** TASK INPUT follows **

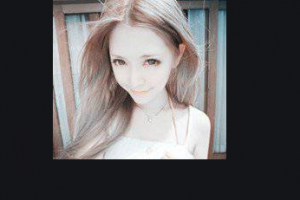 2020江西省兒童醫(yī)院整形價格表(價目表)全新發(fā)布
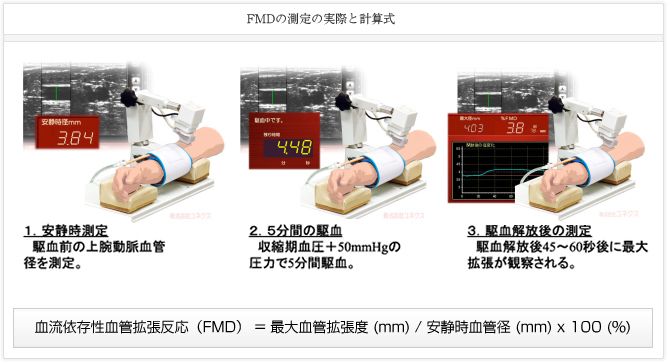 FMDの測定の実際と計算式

** End of TASK INPUT **
** TASK INPUT follows **

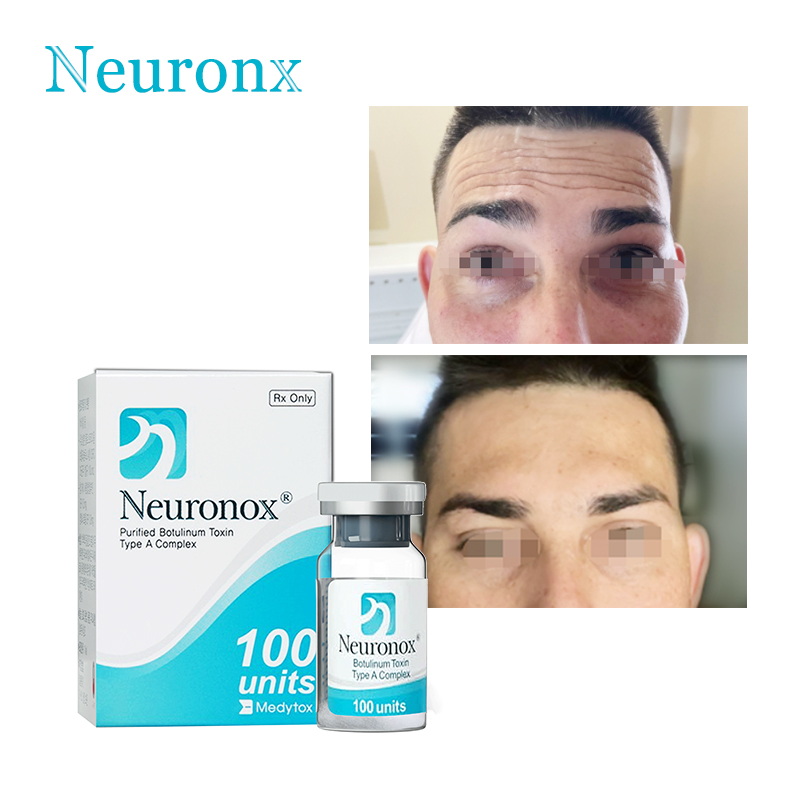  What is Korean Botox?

** End of TASK INPUT **

PROBLEM TO WORK ON: Each line from the one that contains "2020江西省兒童醫(yī)院整形價格表(價目表)全新發(fā)布" down to the one that contains "FMDの測定の実際と計算式" is to be returned exactly as it stands above, both ends included, with pictures removed.

RESULT:
 2020江西省兒童醫(yī)院整形價格表(價目表)全新發(fā)布
 FMDの測定の実際と計算式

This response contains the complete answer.